### TASK GOAL
Shown below is a listing with pictures; reproduce exactly, and only, the lines between the ones containing "830 alumnos de" and "Mercedes-Benz CLA 45", inclusive, leaving the pictures out.

### DATA SHOWN
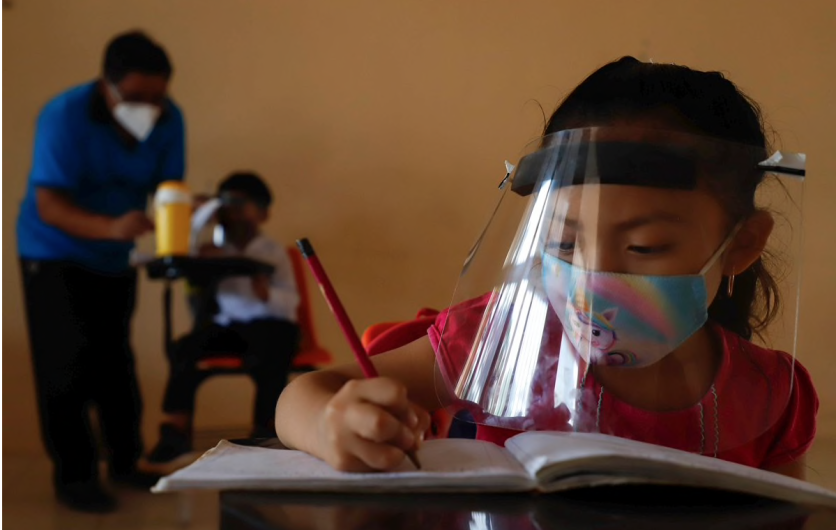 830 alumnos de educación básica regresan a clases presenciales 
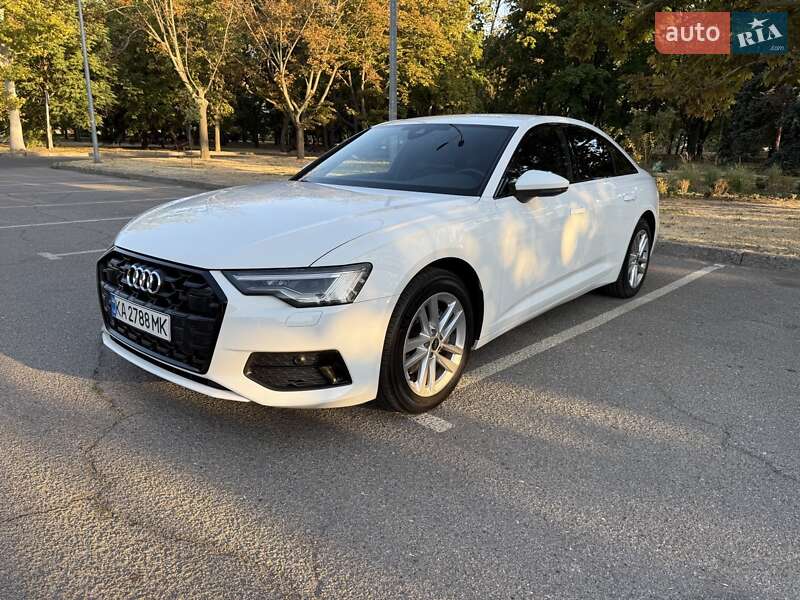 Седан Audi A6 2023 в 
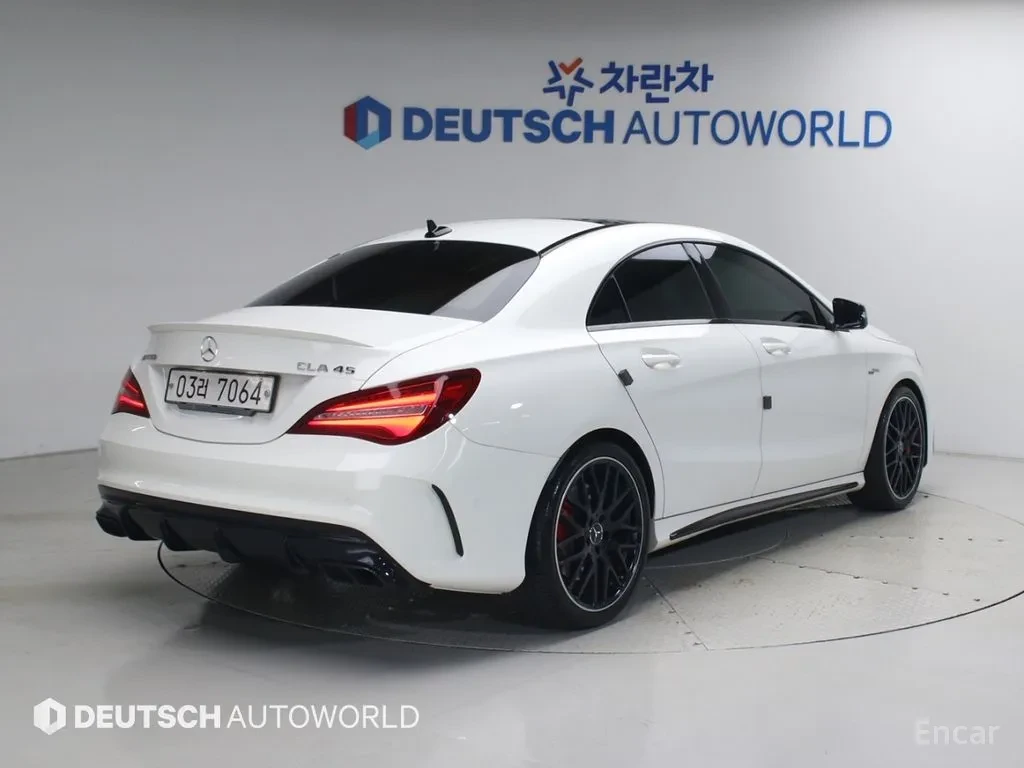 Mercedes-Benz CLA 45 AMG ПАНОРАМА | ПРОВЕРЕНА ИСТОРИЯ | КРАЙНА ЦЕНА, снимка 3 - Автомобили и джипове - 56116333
==
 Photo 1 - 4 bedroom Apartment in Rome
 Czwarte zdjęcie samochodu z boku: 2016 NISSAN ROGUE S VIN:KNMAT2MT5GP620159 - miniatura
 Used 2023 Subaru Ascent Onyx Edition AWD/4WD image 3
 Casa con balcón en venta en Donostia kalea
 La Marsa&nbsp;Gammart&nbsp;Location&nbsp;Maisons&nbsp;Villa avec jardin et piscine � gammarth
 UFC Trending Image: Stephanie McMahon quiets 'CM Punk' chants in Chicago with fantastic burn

### RESPONSE
 830 alumnos de educación básica regresan a clases presenciales 
 Седан Audi A6 2023 в 
 Mercedes-Benz CLA 45 AMG ПАНОРАМА | ПРОВЕРЕНА ИСТОРИЯ | КРАЙНА ЦЕНА, снимка 3 - Автомобили и джипове - 56116333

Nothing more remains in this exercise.